Output exactly, and only, the stretch of lines beginning at the line with "Kersthonden in vakantie" and ending at the last line of the listing below. Drop the pictures.

_INFORMATION SHOWN_

[Start of Attachment]

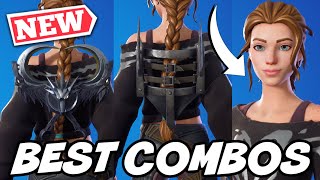 BEST COMBOS FOR NEW MIDNIGHT HAVEN SKIN CHAPTER 3 SEASON 1 BATTLE PASS  Fortnite [upl. by Dimah]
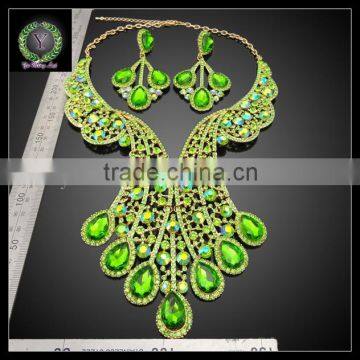 2016 New Arrival Handmade Crystal Jewelry Set Which for Wedding Jewelry Set Match Clothes KHK859 photo-2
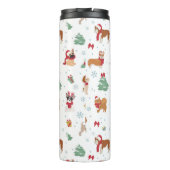 Kersthonden in vakantie Accessoires Thermosbeker (Achterkant)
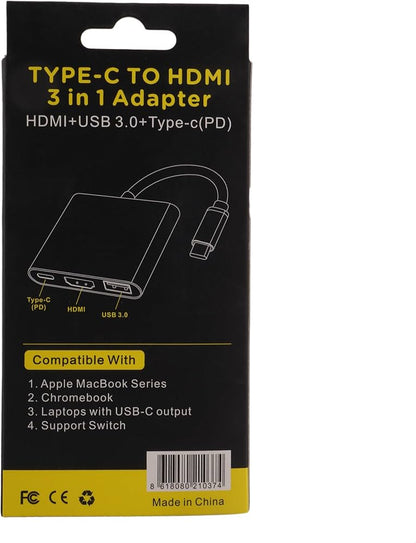 Type C Hub Thunderbold 3 In 1 (3.0)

[End of Attachment]

_EXPECTED OUTPUT_
 Kersthonden in vakantie Accessoires Thermosbeker (Achterkant)
 Type C Hub Thunderbold 3 In 1 (3.0)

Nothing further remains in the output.